Unpublished Disposition, 931 F.2d 60 (9th Cir. 1986)Annotate this Case
ROUSE & ASSOCIATES-TERMINALS LIMITED PARTNERSHIP, Plaintiff-Appellee,v.MERCHANTS, INC., Defendant-Appellant.
United States Court of Appeals, Ninth Circuit.
Submitted April 11, 1991.* Decided April 17, 1991.
Appeal from the United States District Court for the Northern District of California, No. CV-88-0390-EFL; Eugene F. Lynch, District Judge, Presiding.
Before PREGERSON, NOONAN and DAVID R. THOMPSON, Circuit Judges.
Merchants, Inc. ("Merchants") appeals the district court's judgment in favor of Rouse & Associates-Terminals Limited Partnership ("Rouse") for ninety days rent. Merchants contends that the district court erred in finding that it became liable to Rouse under a guaranty. We have jurisdiction pursuant to 28 U.S.C. § 1291. We affirm.
FACTS AND PROCEDURAL HISTORY
In November 1985, Rouse agreed to purchase six truck terminals from Merchants. The agreement was later amended so as to involve only two terminals--one in San Leandro and one in Santa Clara. Each of these terminals was under long-term lease to McLean Trucking Co. ("McLean"). After the purchase agreement was signed but before escrow closed, McLean filed a voluntary petition for bankruptcy. As the parties were concerned that the trustee in bankruptcy would reject the leases, thereby adversely affecting the value of the transferred property, the close of escrow was extended. On February 6, 1986, Merchants executed a Guaranty of Lease (the "Guaranty"), under which it agreed to pay to Rouse "all rents and all other sums due" for a period of ninety days commencing as of the date McLean "ceases to pay the rent and all other sums due under the [long-term] Lease...."1
In early March, the parties learned that while the trustee was indeed planning to reject the Santa Clara lease, he was interested in utilizing the San Leandro facility as a location for marshaling and selling certain of McLean's rolling stock and other assets. Therefore, Merchants, Rouse, McLean and other interested parties entered into an Agreement and Lease (the "short-term lease"), under which the parties agreed that McLean would reject the long-term lease and enter into a new short-term lease at the same rent. On March 13, 1986, Merchants and Rouse executed an Addendum to the Guaranty ("Addendum") which made the Guaranty apply to both the long-term and the short-term leases.

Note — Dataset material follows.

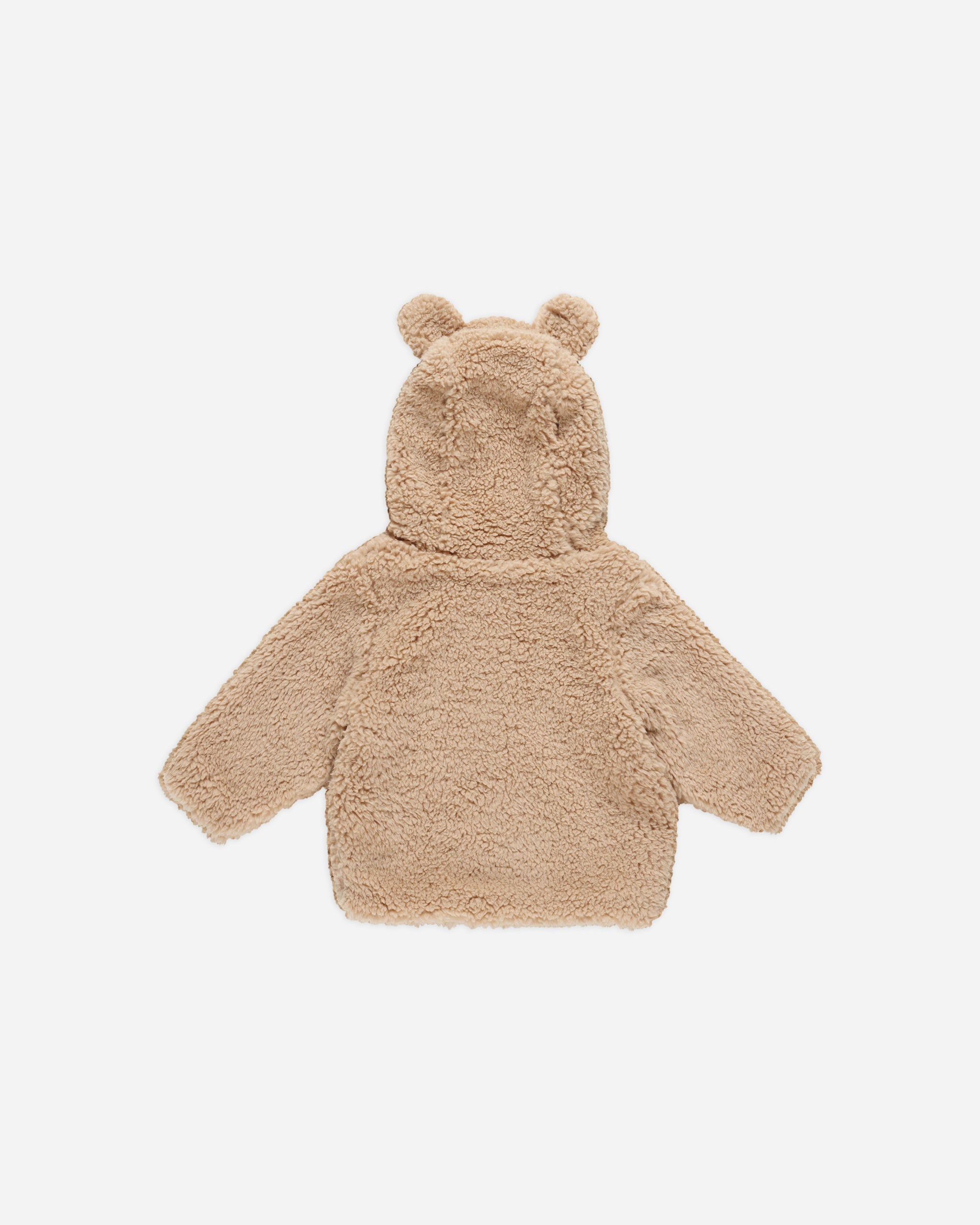 Bear Jacket || Beige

On March 16, 1986, the trustee rejected both the Santa Clara and the San Leandro leases and approved the short-term lease for the San Leandro facility. Pursuant to the Guaranty, Merchants paid to Rouse the monthly rent due under the Santa Clara lease for the next ninety days.
McLean remained in possession of the San Leandro facility and paid rent under the short-term lease until that lease expired on August 31, 1986. On that date, McLean vacated the premises and ceased paying rent. Rouse then demanded ninety days rent from Merchants. Merchants refused, and this suit followed.

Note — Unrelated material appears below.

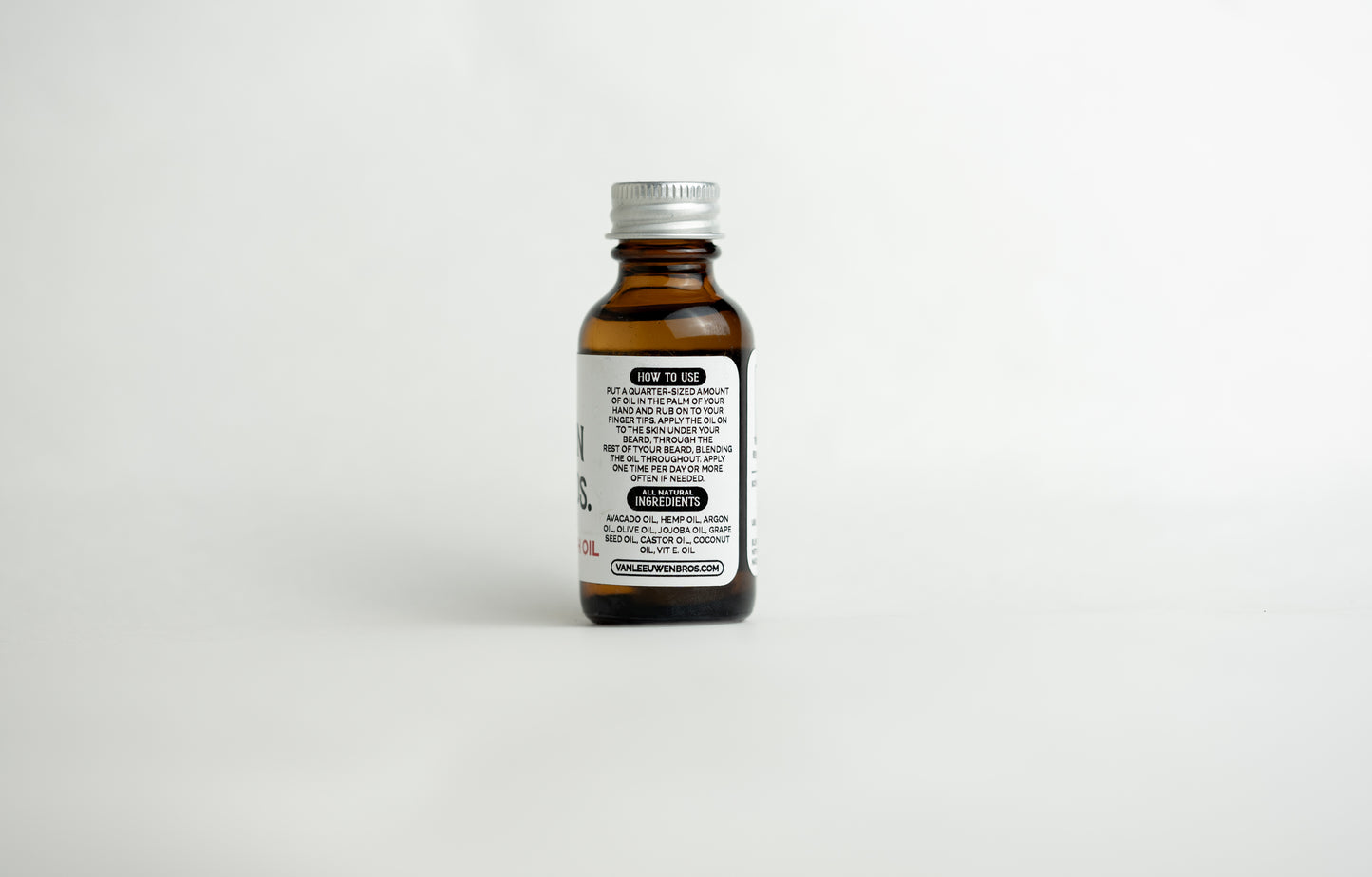 Big Beard Growth Oil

The district court found in favor of Rouse for ninety days rent plus interest and attorney fees. Specifically, the district court found that "the Guaranty of Lease applies and the obligations under it were not terminated by the new short-term lease...." Further, the district court found that "regardless of the new agreement, Merchants ... [is] still bound to the original agreement whereby Merchants guarantees McLean Trucking's payment for ninety days from the date McLean stopped paying rent."
STANDARD OF REVIEW
The interpretation of a contract is a mixed question of law and fact. The factual findings of the district court are reviewed under the clearly erroneous standard of review while principles of contract interpretation applied by the district court to the facts are reviewed de novo. L.K. Comstock & Co. v. United Engineers & Constructors, Inc., 880 F.2d 219, 221 (9th Cir. 1989); Rozay's Transfer v. Local Freight Drivers, Local 208, 850 F.2d 1321, 1326-27 (9th Cir. 1988), cert. denied, 490 U.S. 1030 (1989).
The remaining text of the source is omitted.